Good Cycle for Massive Gains


Hey guys,

I have decided that I want to do a serious cycle and add serious muscle size.

Some background: I am 36 years old, 200 pounds, and very low body fat (8-9%). I have been lifting consistently for about 14 years and have seen some decent gains. I’ve tried a 2-3 very mellow cycles one was only deca. 500 a week for 8 weeks and the other was test (300 a week) and Deca 500 ( a week) for 8 weeks. I added about 10 pounds.

It is time for me to do a real cycle- HGH with IGF tren?., this is my first time on this forum or any bodybuilding forum Definitely would like some guidance from people on this forum. T-Nation has been my primary source of information for years, I am looking for a quality advice and I know I can get it here.

Looking forward to your replies. Thanks guys!

Read the stickies please.

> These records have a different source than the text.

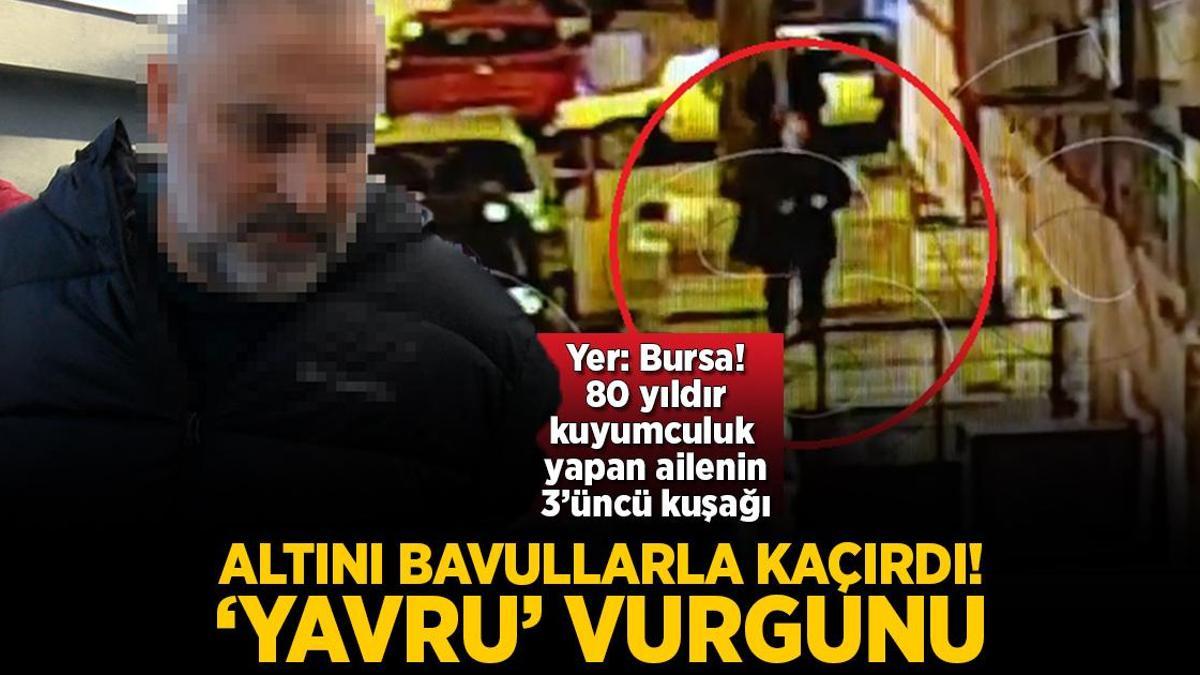 500 milyon liralık ‘Yavru’ vurgunu! Altınları bavullarla İstanbul’a kaçırdı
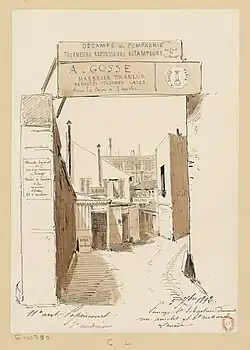 Le no&nbsp;20 en 1892 (dessin de Jules-Adolphe Chauvet).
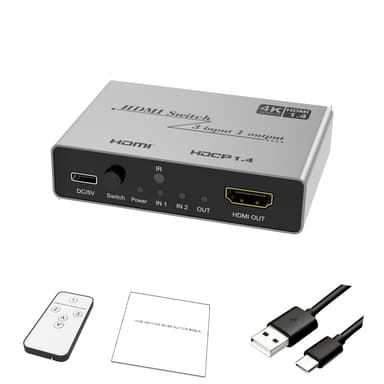 3 in 1 -lähtö HDMI-kytkin 4K 30Hz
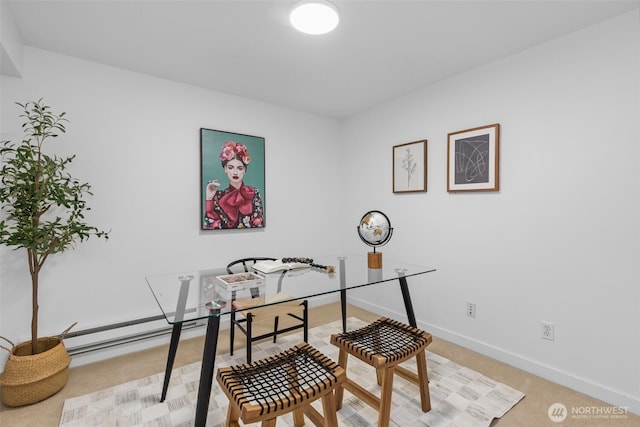 1601 Taylor Ave N Unit 303, Seattle, WA 98109 - office featuring light carpet and baseboards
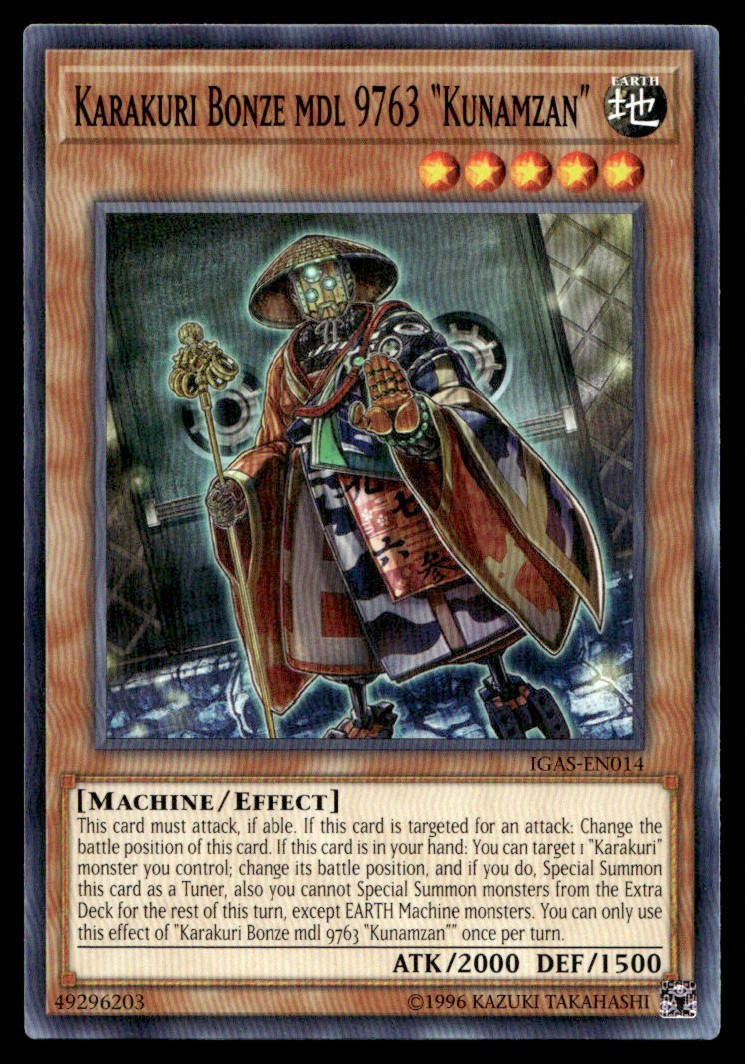 Karakuri Bonze mdl 9763 "Kunamzan" IGAS IGAS-EN014 MP YuGiOh | Buy 3 Get 5 Free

You haven’t given us nearly enough to work with.

Ok let me try again
I am 36 years old weight 200 lbs height 5 10. Currently doing a getting big work out program I split my work out program and doing one day chest and back, one day shoulders, one day arms , one day legs keeping the weight at a 4-6 and 8-12 reps. Heavy medium weight . super sets everything
Previous cycle: Did two cycles of Deca 300 mg per week for 8 weeks.
Last cycle :
Week / Test.E / Winstrol :

  1. 500mg/ /day 50mg/day
  2. 500mg/day 50mg/day
  3. 500mg/day 50mg/day
  4. 500mg/day 50mg/day
  5. 500mg/week
  6. 500mg/week
  7. 500mg/week
  8. 500mg/week
  9. 500mg/week
    I tried to take oral dbol make me feel sick so I stopped immediately. Deca worked very well for me in the past. not huge gains. About 10 lbs in 10 weeks. When I got off the test in the last cycle I got really depress I read it has that side effect on some people. I would prefer to avoid it .

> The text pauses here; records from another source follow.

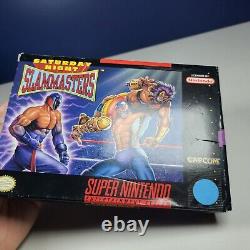Saturday Night Slam Masters (Super Nintendo SNES) Complete CIB with Manual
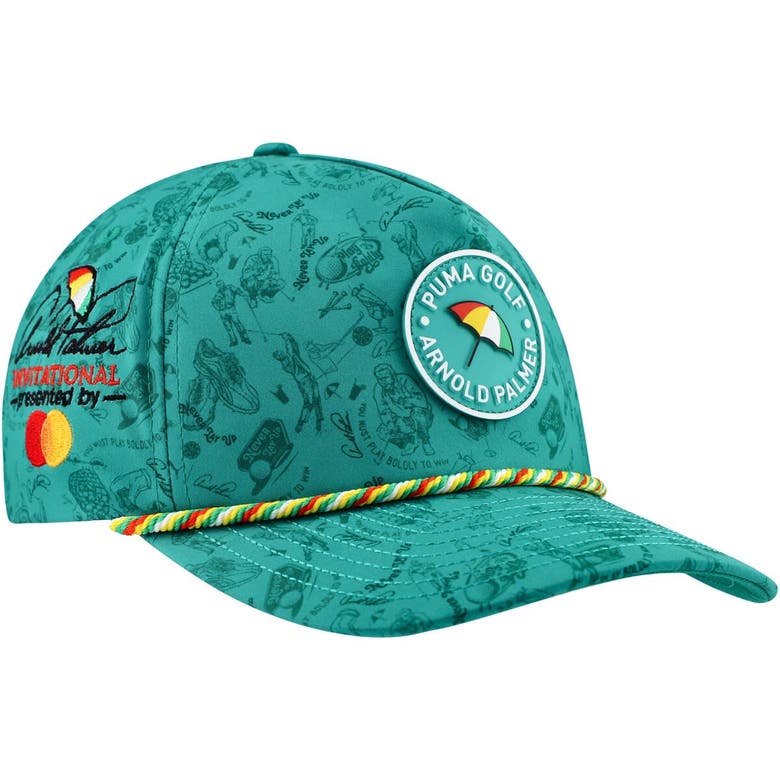 Shop Puma Green Arnold Palmer Invitational Flexfit Tech Rope Adjustable Hat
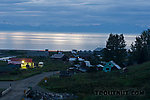 After finishing the Kenai float, I drove town to Homer.  Along the way was this view of the little fishing village of Ninilchik on Cook Inlet. From Ninilchik in Alaska.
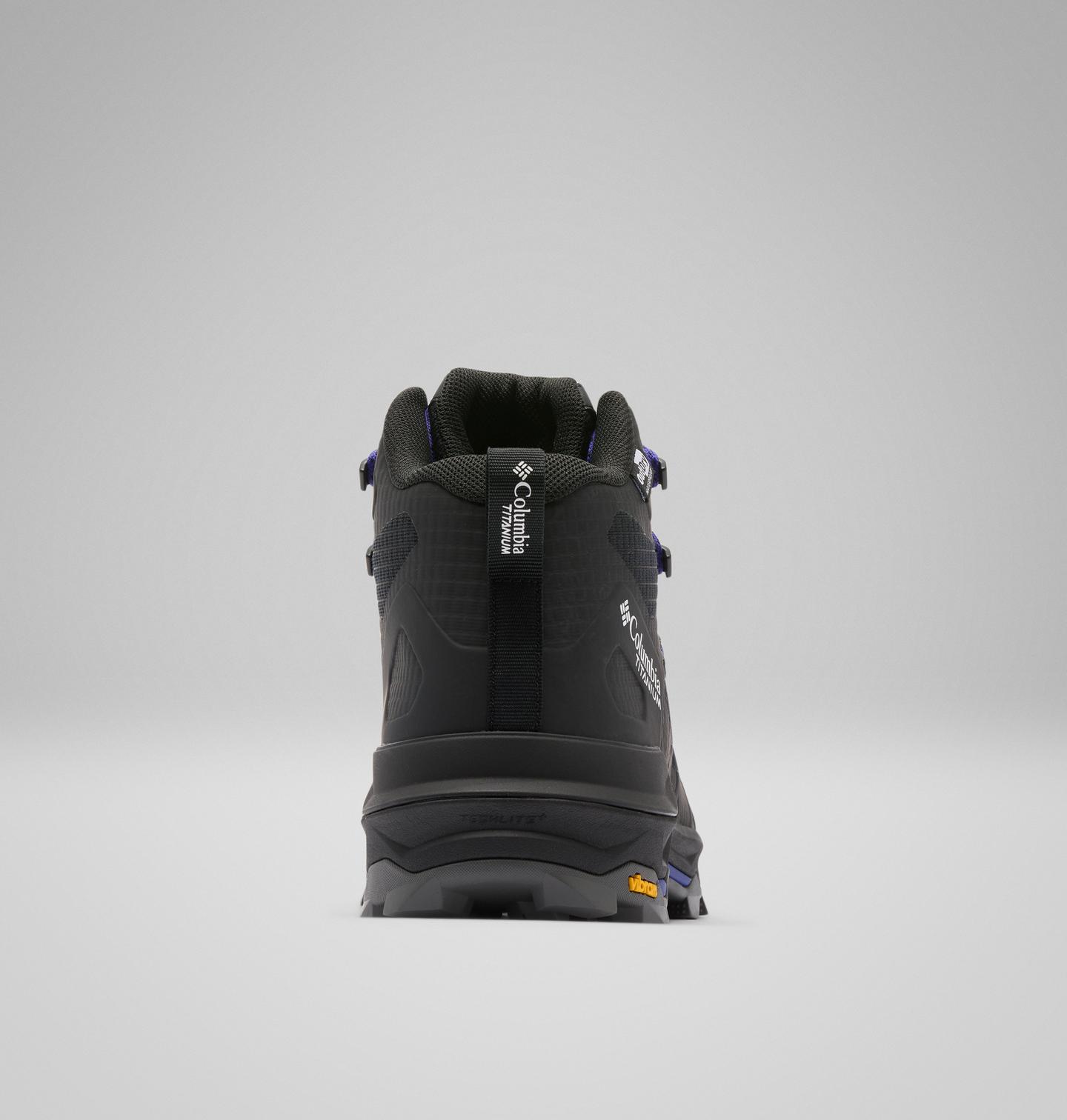Обувь Columbia Women's Peakfreak Titanium OutDry Mid Shoe - Wide, цвет: Чёрный / Фиолетовый — фото 2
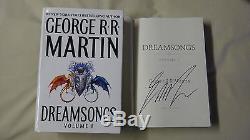 Signed George R. R. Martin Dreamsongs Volume 1 First Edition Print 1/1 Book HC DJ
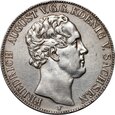 Niemcy, Saksonia, Fryderyk August II, 2 talary 1847 F, Stuttgart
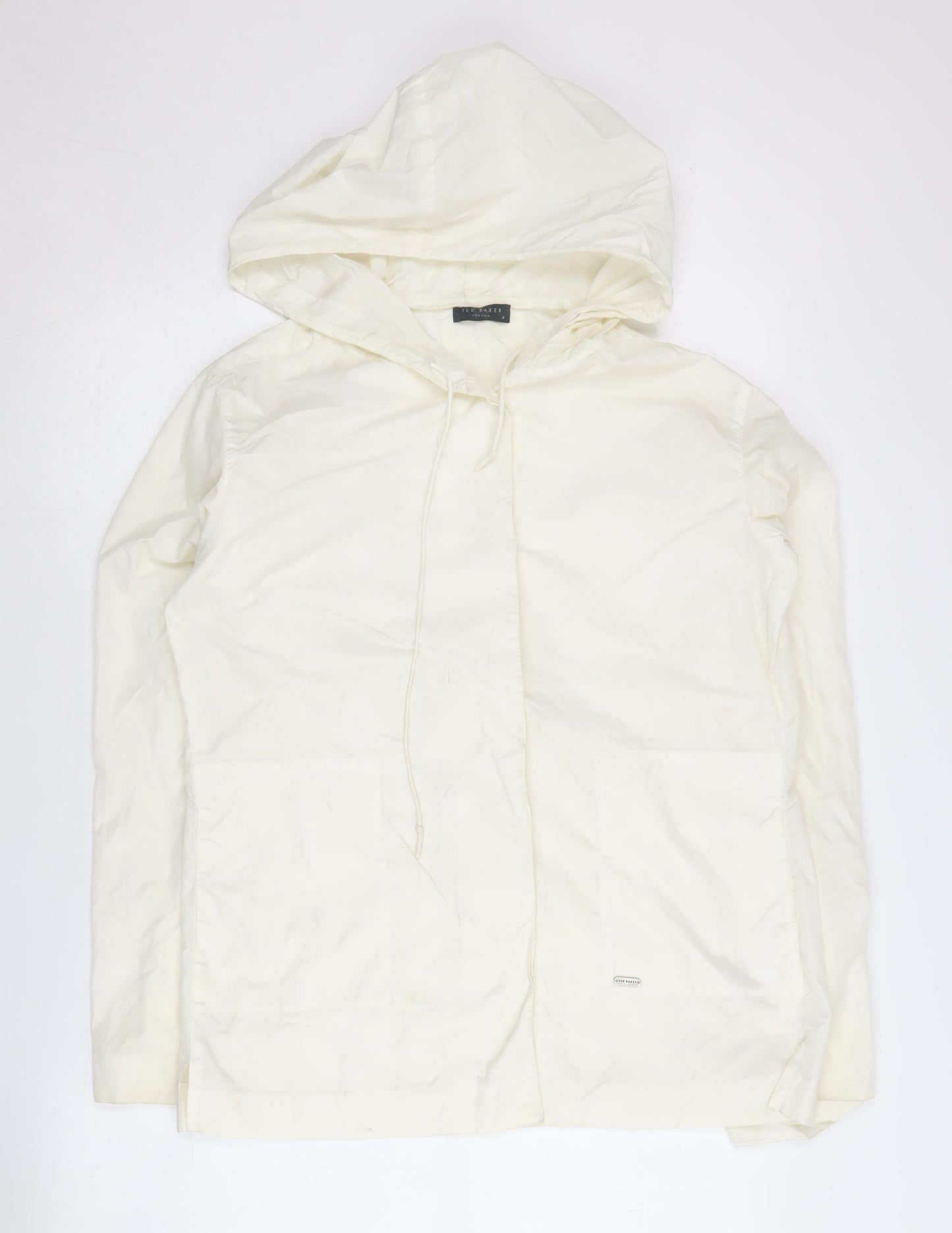 Ted Baker Women's Ivory Hooded Jacket Size 4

My Goals: getting bigger adding muscle mass.
Thinking to do HGH and IGF with tren?
Not sure how exactly to take them yet .this is all new to me. Please let me know what you think guys.
Thanks.

Please, read the stickies and try again.

You will get help, but we aren’t going to spoon feed you.

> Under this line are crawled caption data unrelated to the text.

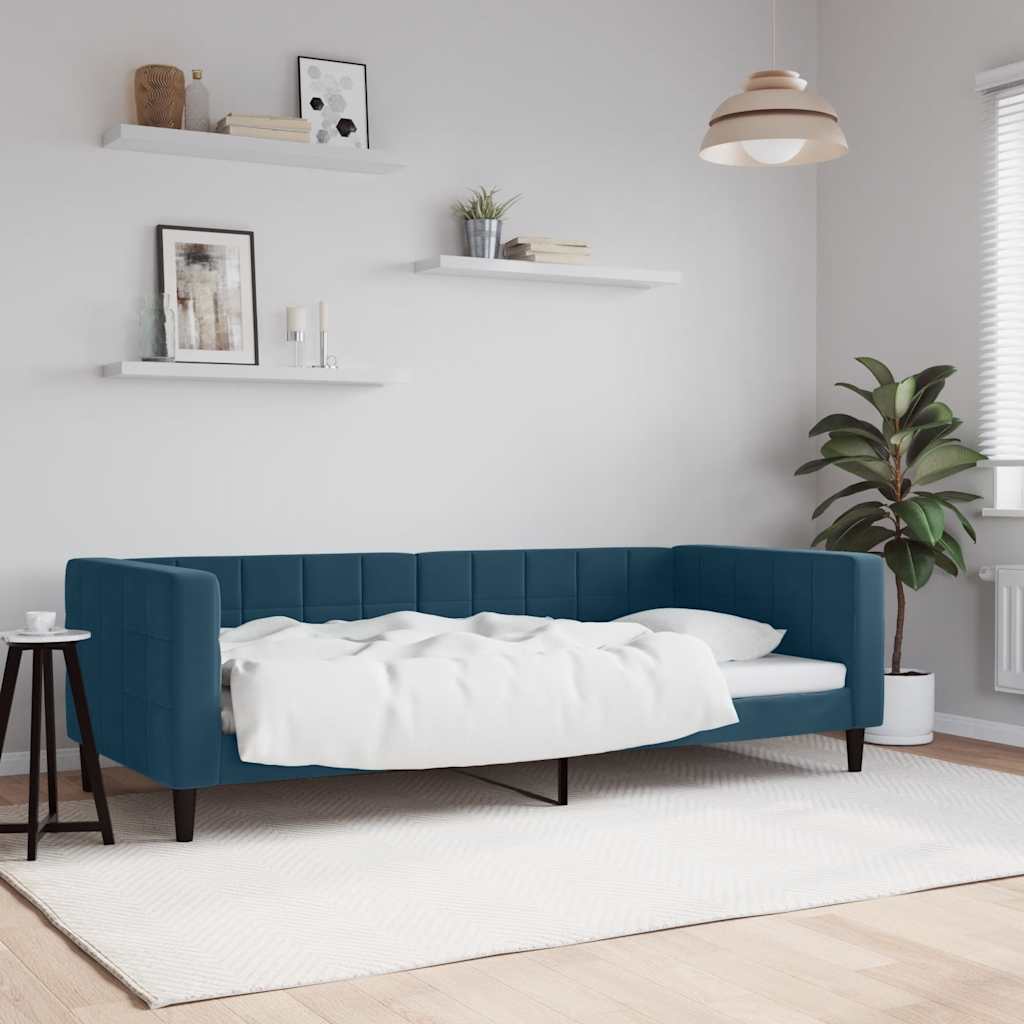 Letto da Giorno Blu 90x200 cm in Velluto | homemem39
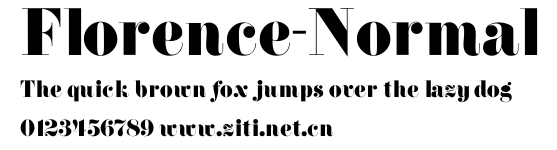 Florence-Normal.ttf字體轉換器圖片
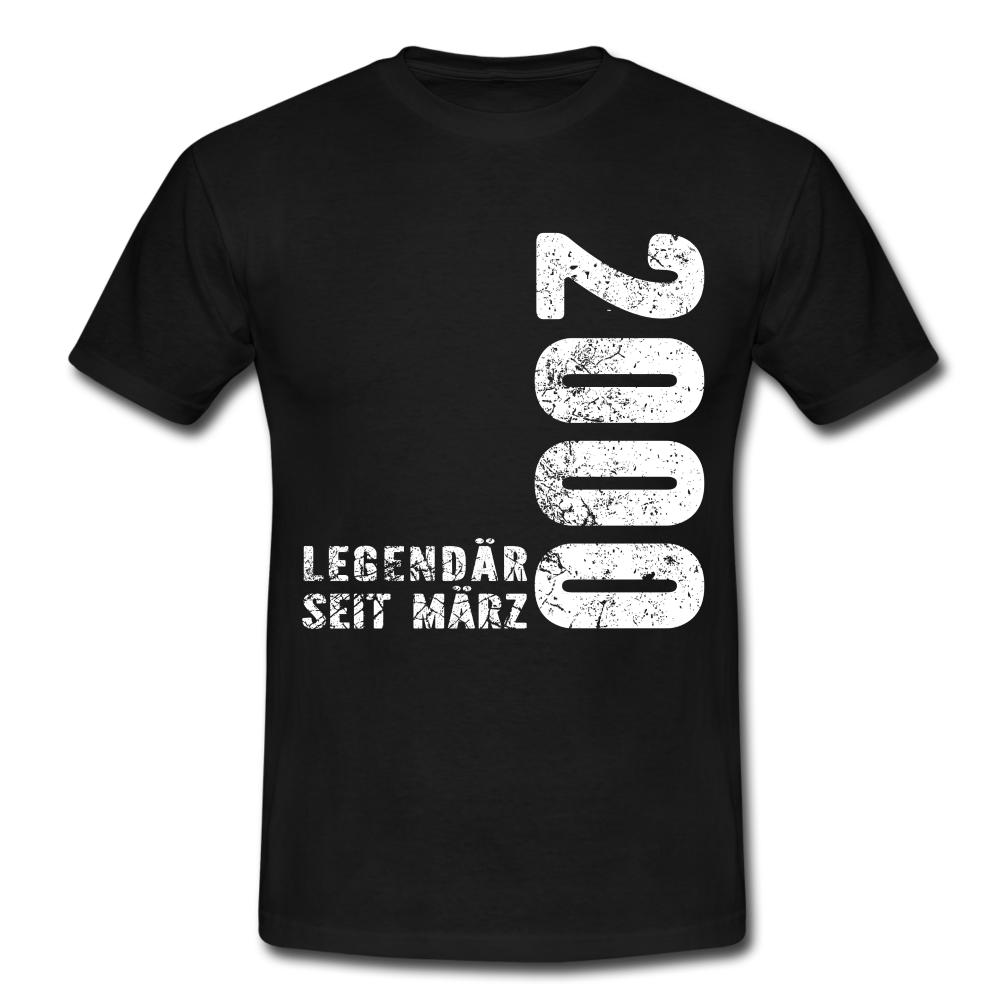 22. Geburtstag Legendär seit 2000 Geschenk Männer T-Shirt - black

Ok Here is the cycle I was thinking about:

Here is the cycle I was thinking of.

  • WEEKS 1-6: Anapolon (wk1 50mg per day, wk2 100mg per day, wk3 150mg per day, wk4 150mg per day, wk5 100mg per day, wk6 50mg per day)
    • WEEKS 1-6: Trenabol (75mg Every Other Day)

    • WEEKS 1-8: Testosterone Enanthate (1000 mg Per Week)

    • WEEKS 1-10: HCG (Pregnyl) 300-500IU EVERY 5 DAYS

    • WEEKS 1-10: Anastrozol (0.50 mg Every Other Day)

    • WEEK 11: 40mg Nolva/100mg Clomid Every Day

    • WEEK 12: 30mg Nolva/ 50mg Clomid Every Day

    • WEEK 13: 20mg Nolva/ 50mg Clomid Every Day

In addition to that I plan to take every other day HGH 2-3 I.U. for 8 weeks.
IGF- 2 i.u after each work out and start increasing it by 1 I.U every other work out till i get to a comfortable level.

also going to consume with it at least 10 grams of simple carbs like raisins or Ultra Fuel by twin lab. per IU with minimum intake of 100 gram of simple carbs regarding doses . appx 20-30 min after injecting the IGF.
also thought to take creatine with the carbs drink ., and 30 grams of mix whey and casine protein.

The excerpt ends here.